The discoveries boost the list of confirmed extra-solar planets to 729, including 60 credited to the Kepler team.
The telescope, launched in space in March 2009, can detect slight but regular dips in the amount of light coming from stars. Scientists can then determine if the changes are caused by orbiting planets passing by, relative to Kepler's view.
Kepler scientists have another 2300 candidate planets awaiting additional confirmation.
None of the newly discovered planetary systems are like our solar system, though Kepler-33, a star that is older and bigger than the Sun, comes close in terms of sheer numbers. It has five planets, compared to our solar system's eight, but the quintet all fly closer to their parent star than Mercury orbits the Sun.
The planets range in size from about 1.5 times the diameter of Earth to five times Earth's diameter. Scientists have not yet determined if any are solid rocky bodies like Earth, Venus, Mars and Mercury or if they are filled with gas like Jupiter, Saturn, Uranus and Neptune.
The Kepler team previously found one star with six confirmed planets and a second system with five planets, says planetary scientist Jack Lissauer, with NASA's Ames Research Center in California.
Nine of the new systems contain two planets and one has three, bringing the total number of newly discovered planets to 26. All are closer to their host stars than Venus is to the Sun.
"This has tripled the number of stars which we know have more than one transiting planet, so that's the big deal here," says Lissauer.
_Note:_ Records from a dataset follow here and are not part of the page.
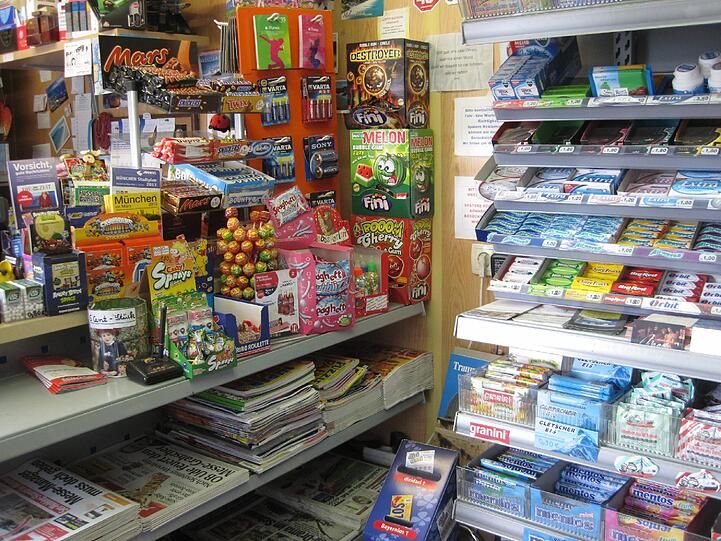 Hier gibt es alles: Postkarten, Tabakwaren, Süßigkeiten, Getränke, DVDs, eine Kopiermöglichkeit und vor allem natürlich Zeitungen und Zeitschriften.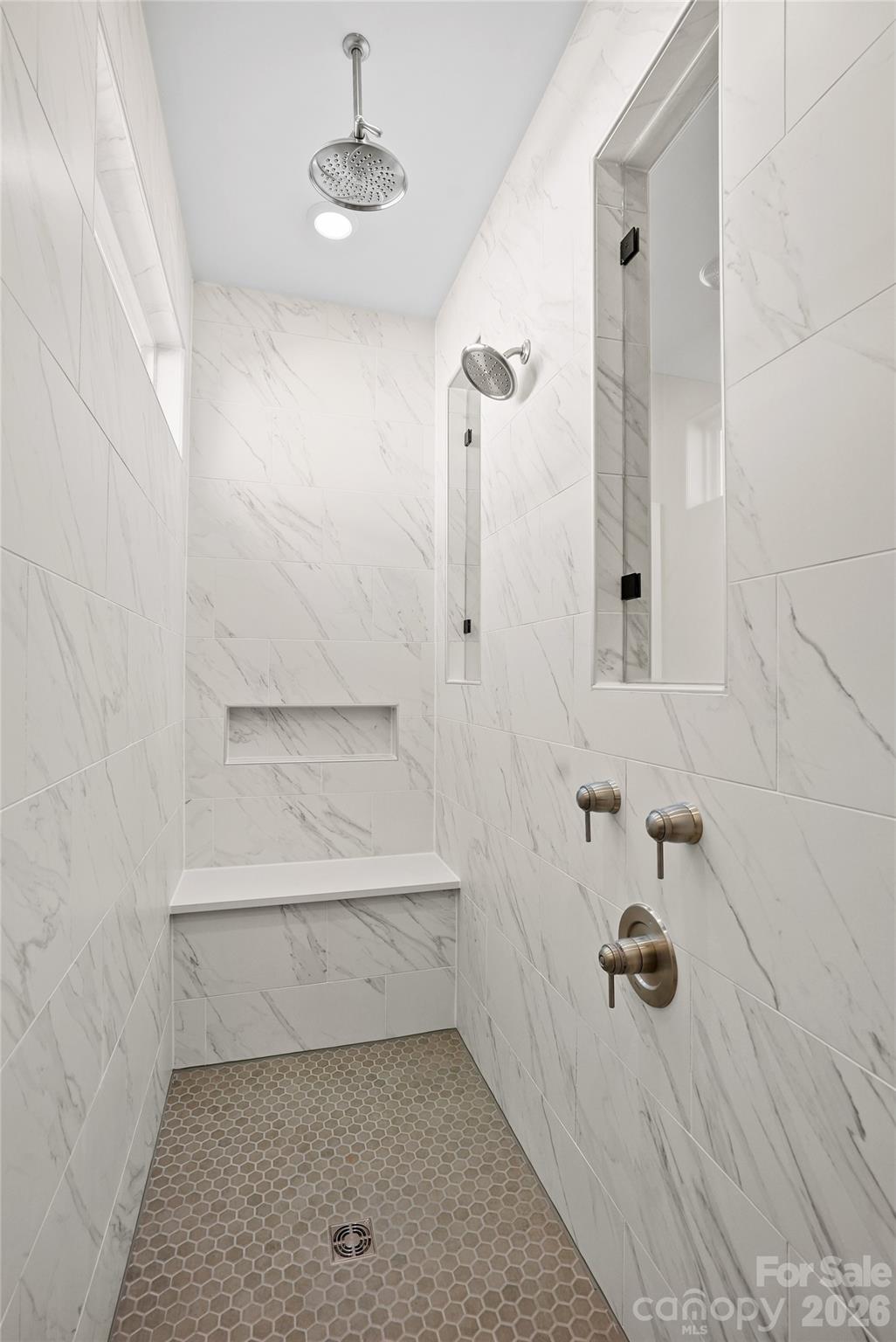 2714 Peak Court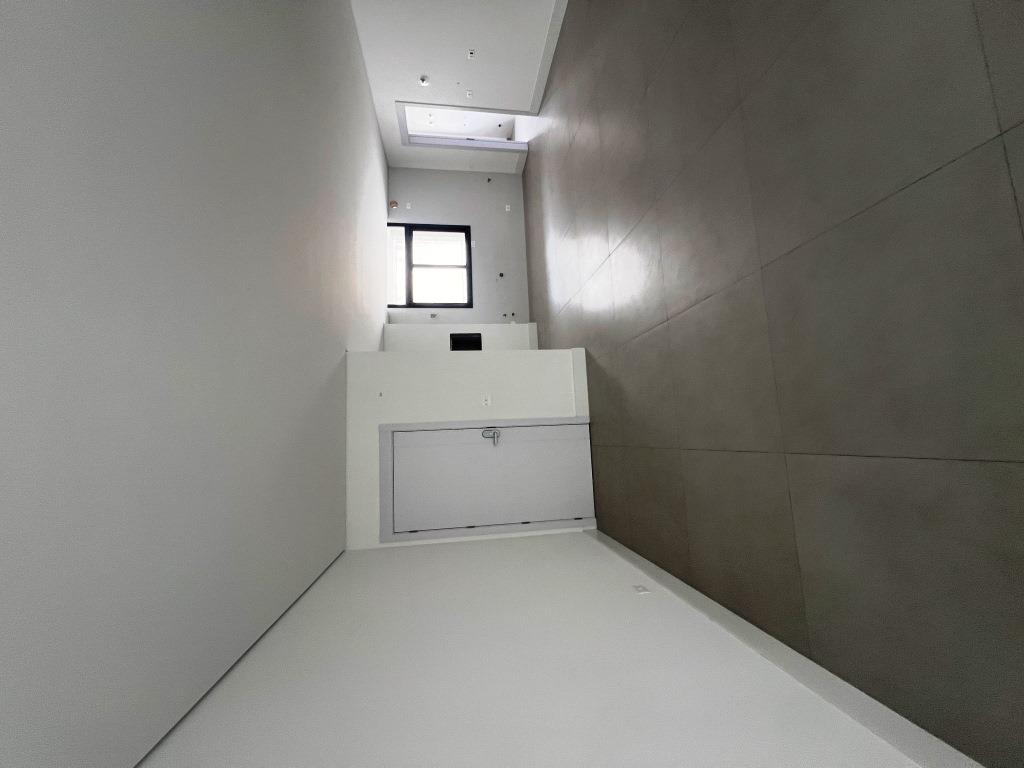 Imagem Apartamento com 3 Quartos à Venda, 183 m² em Hugo Lange - Curitiba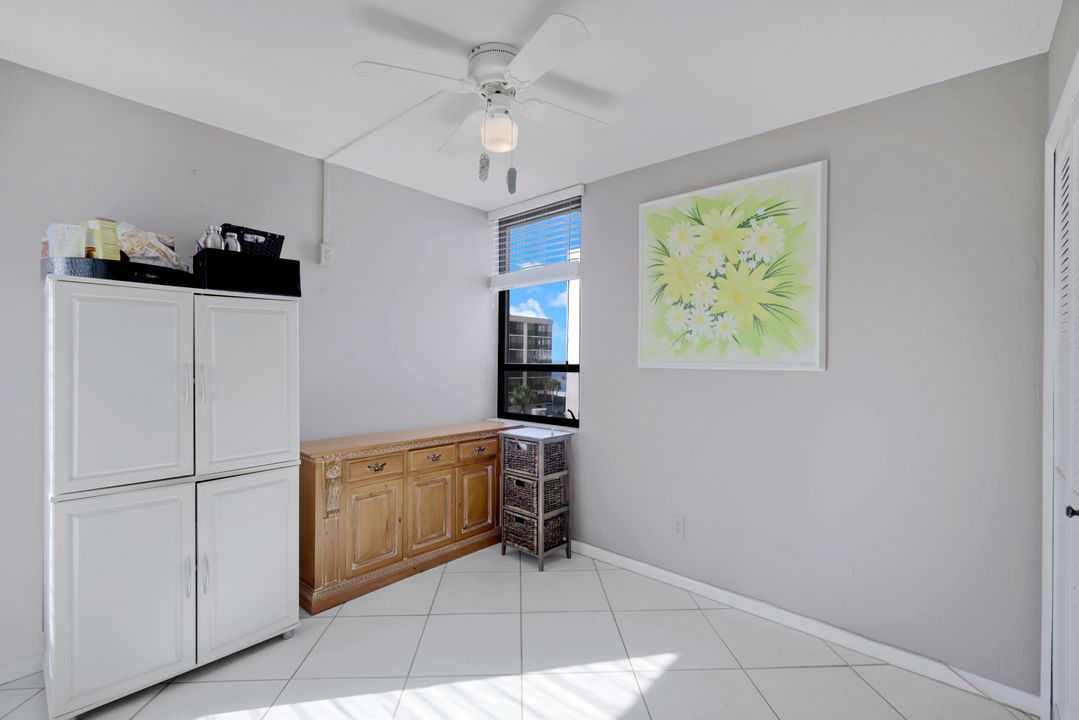 10562 Gulf Shore Dr #402, Naples, FL 34108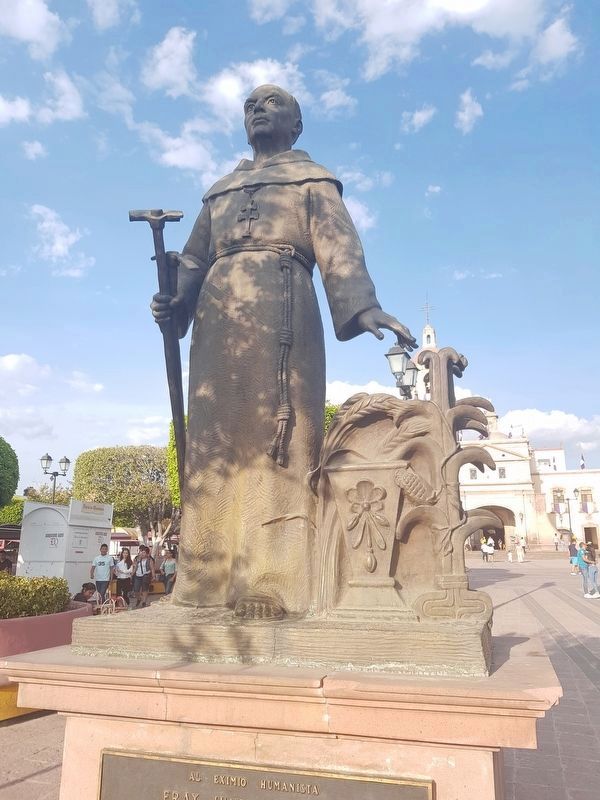 Friar Junipero Serra statue above the marker image. Click for full size.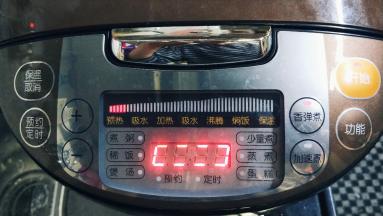 按煮饭键（1小时）如果想要肉软烂一点，第一次煮好后再按一次快速煮（半小时）
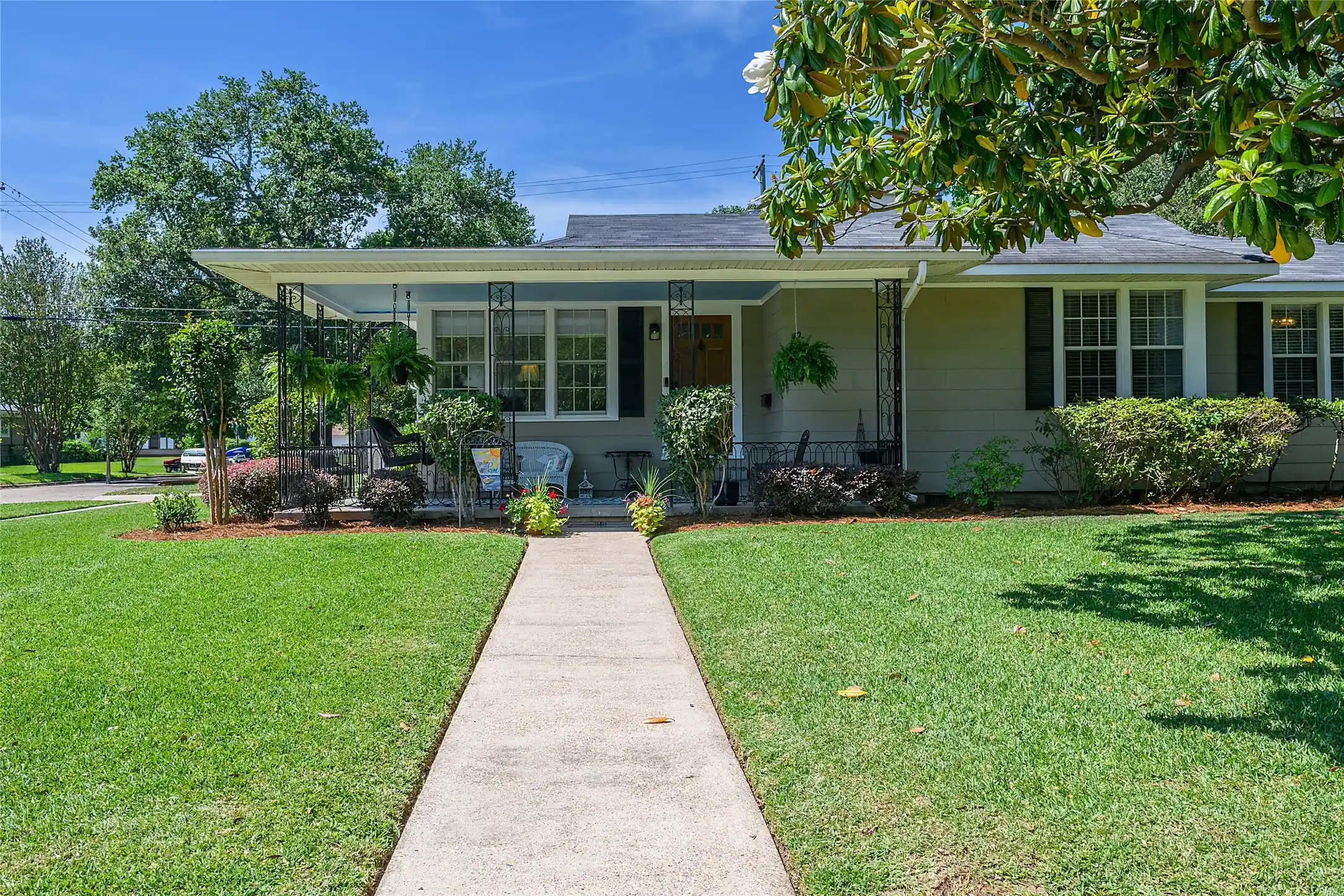 Single family home for sale at 238 Arthur Ave, Shreveport, LA 71105 | MLS# 21424500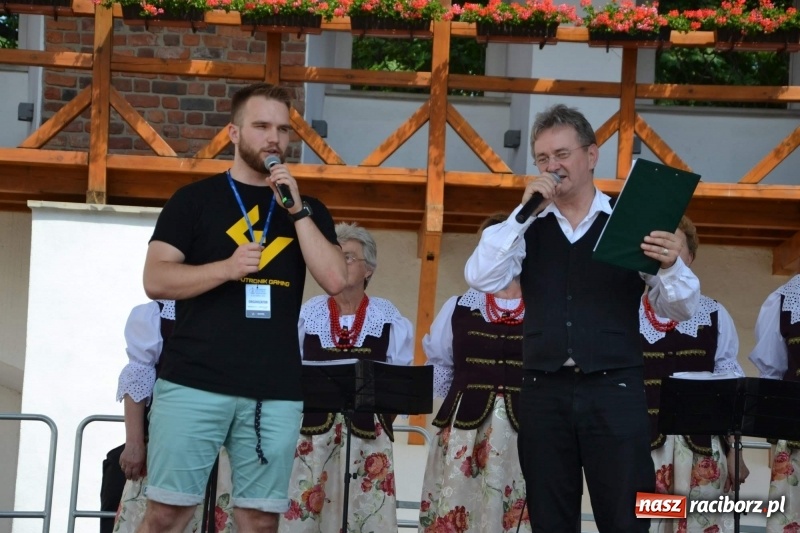 Zdjęcie w galerii na portalu naszraciborz.pl: I edycja Święta Powiatu Raciborskiego na Zamku Piastowskim za nami wiadomości z regionu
"We're starting to think in terms of planetary systems as opposed to just planets: Do they all tend to have similar sizes? What's the spacing? Is the solar system unusual in those regards?" he says.
Kepler is monitoring more than 150,000 stars in the constellations Cygnus and Lyra.
The research is published in four different papers in Astrophysical Journal and the Monthly Notices of the Royal Astronomical Society.